[Directions]: Pictures must not appear in your answer. Write out exactly the lines from the one with "Cornell Leather Briefcase - Picture 6 of 6" through the last line of the entries below.

Pictures with short captions
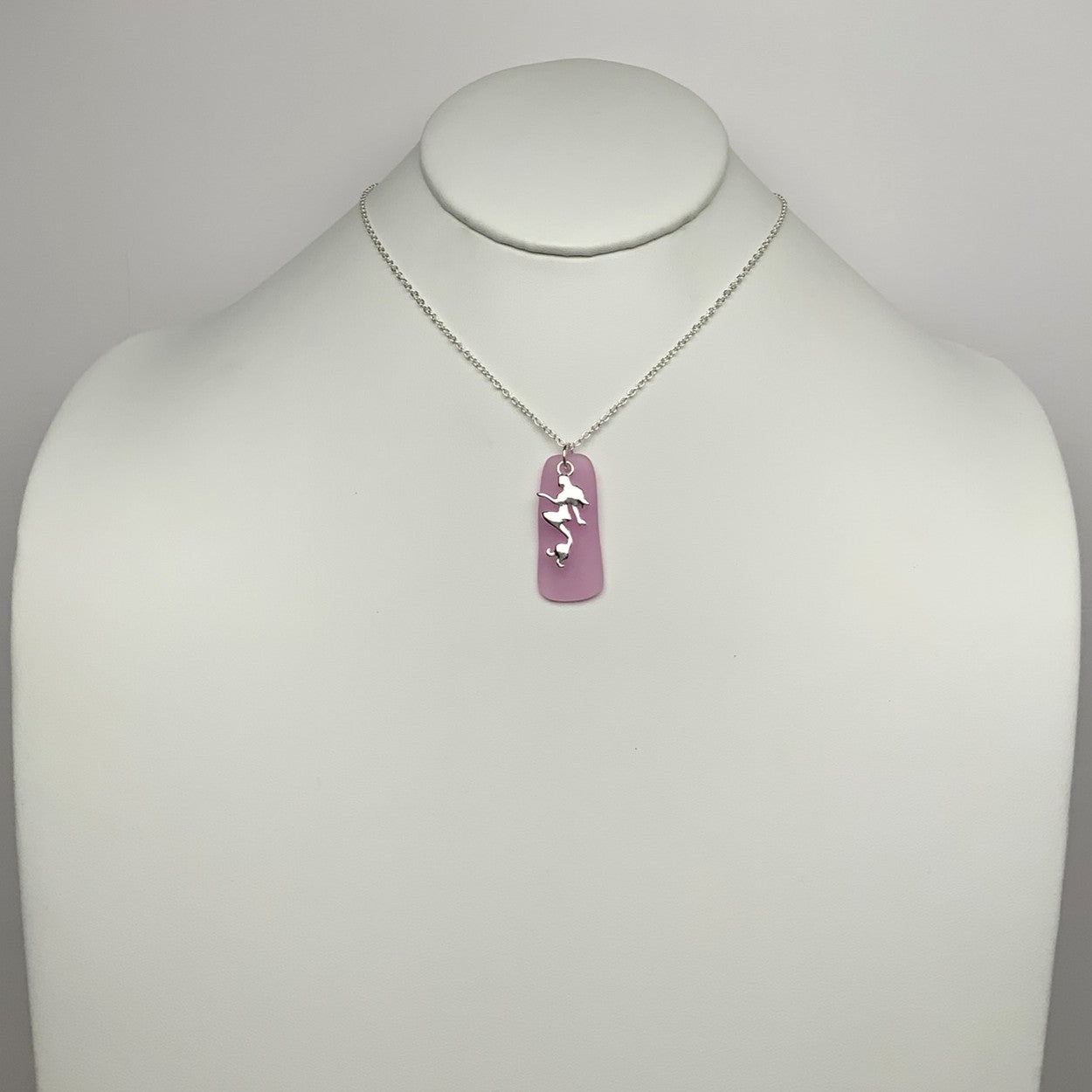 Mermaid Sea Glass Necklace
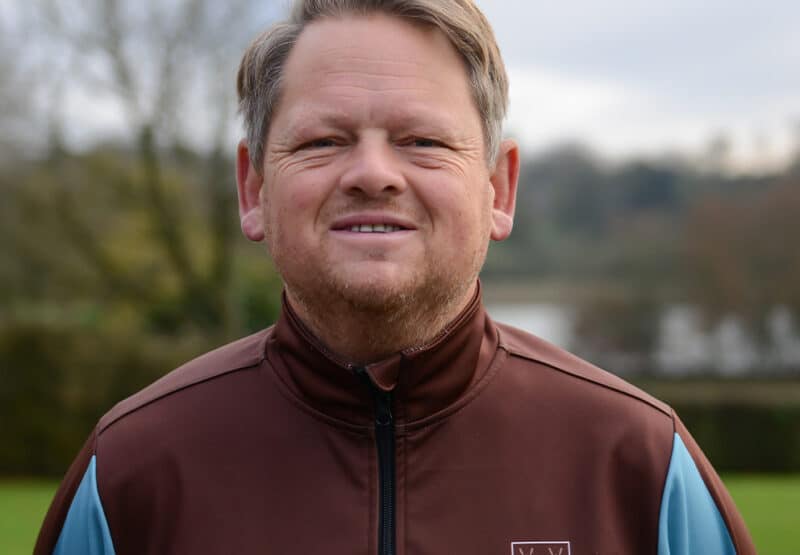 Richard Daynes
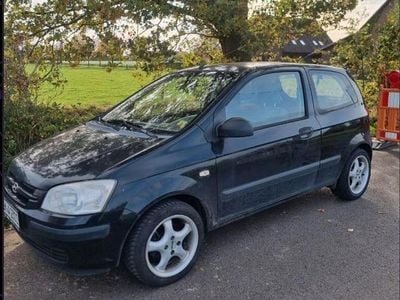 Hyundai Getz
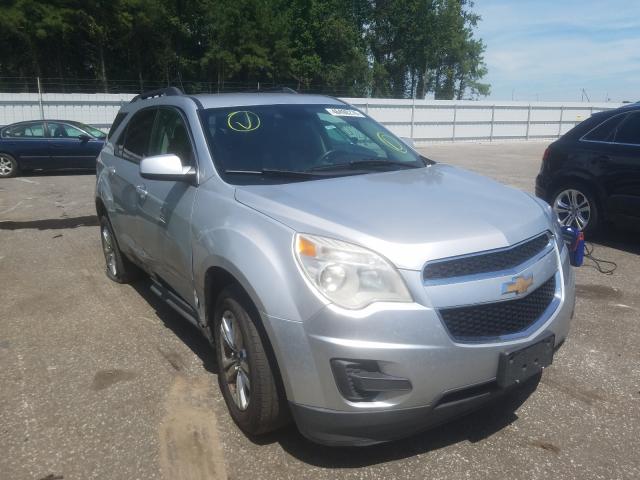 CHEVROLET EQUINOX LT 2012 2gnaldek1c6380126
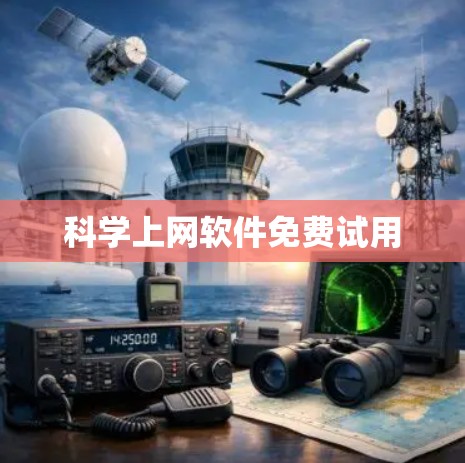 科学上网软件免费试用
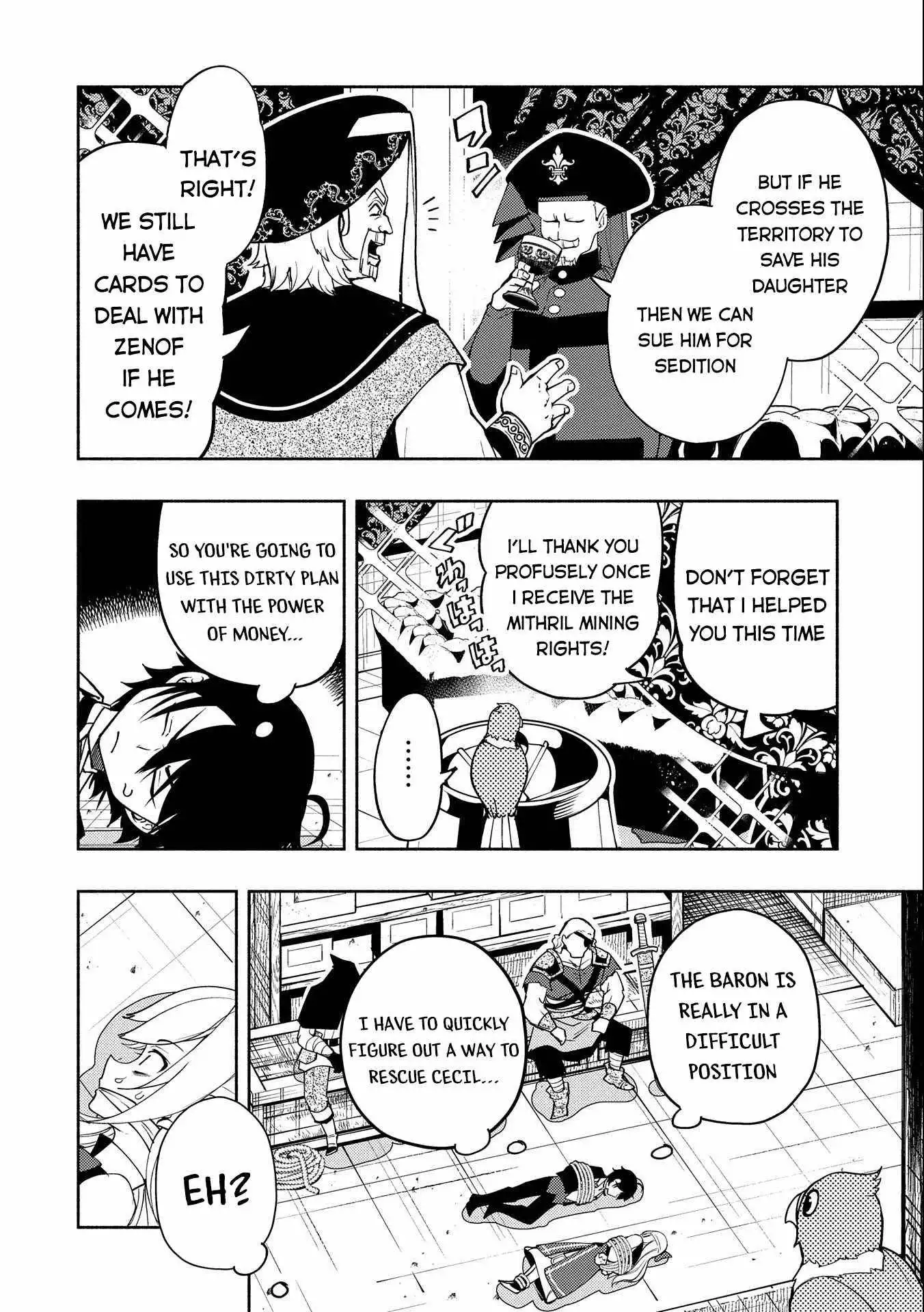 Hell Mode: Yarikomi Suki no Gamer wa Hai Settei no Isekai de Musou Suru Chapter 19 5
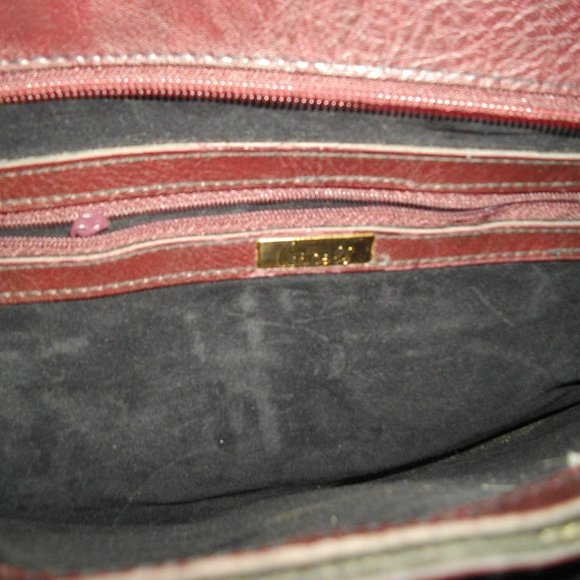 Cornell Leather Briefcase - Picture 6 of 6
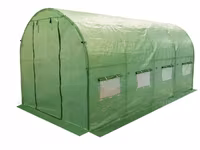 Sera Tip Tunel 4X2.5X2 M - w8 - livrare/achitare in 4rate/agrotop — foto 1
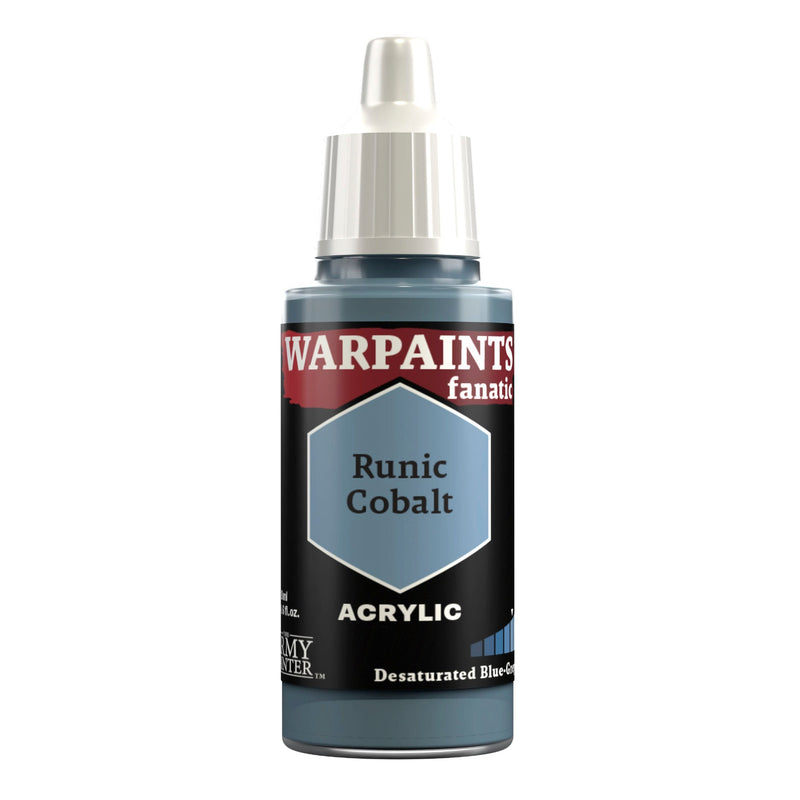 WP3017 Warpaints Fanatic: Runic Cobalt | GrognardGamesBatavia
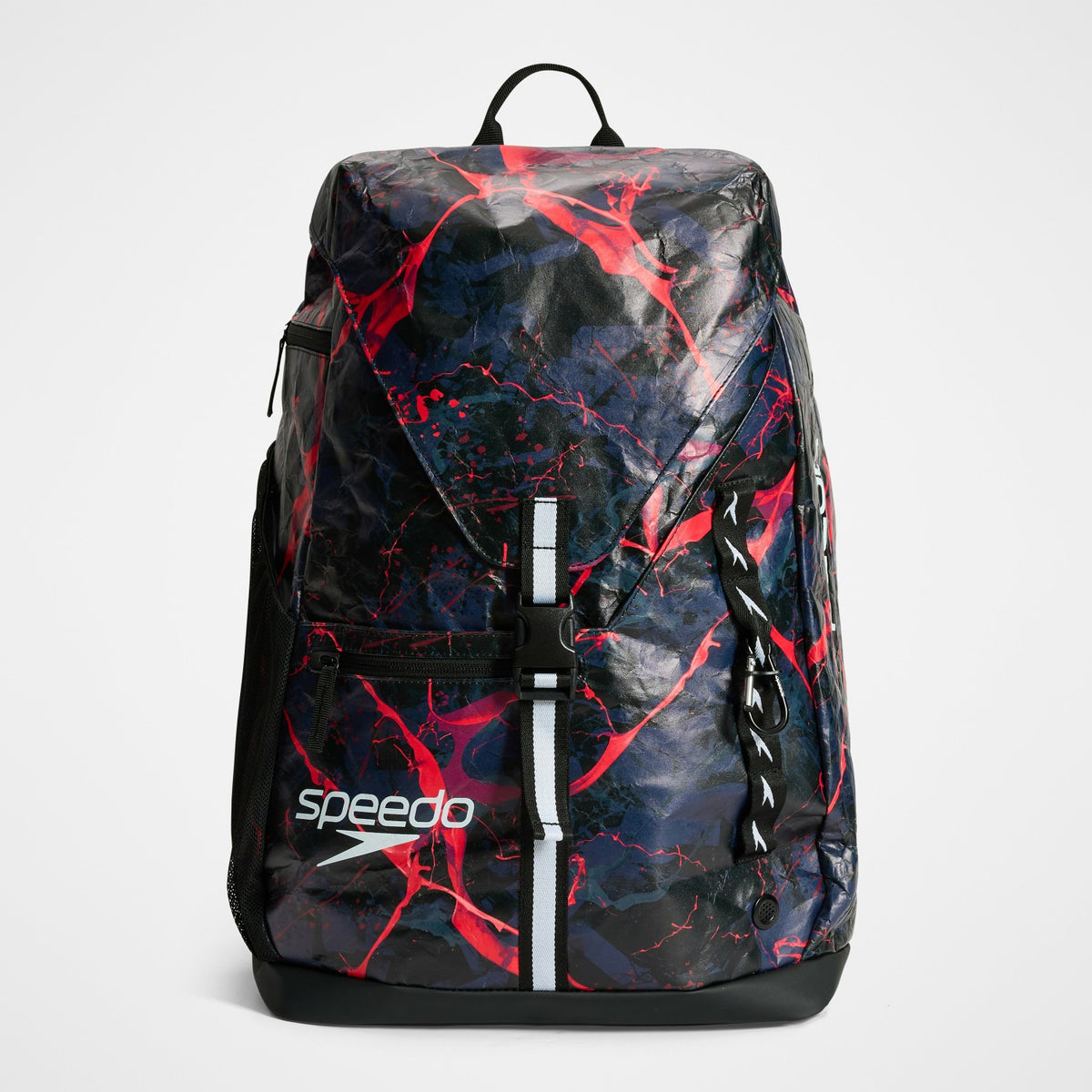 35L Team Bag Limited Edition Black/Red | Speedo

[Result for this exercise]:
 Cornell Leather Briefcase - Picture 6 of 6
 Sera Tip Tunel 4X2.5X2 M - w8 - livrare/achitare in 4rate/agrotop — foto 1
 WP3017 Warpaints Fanatic: Runic Cobalt | GrognardGamesBatavia
 35L Team Bag Limited Edition Black/Red | Speedo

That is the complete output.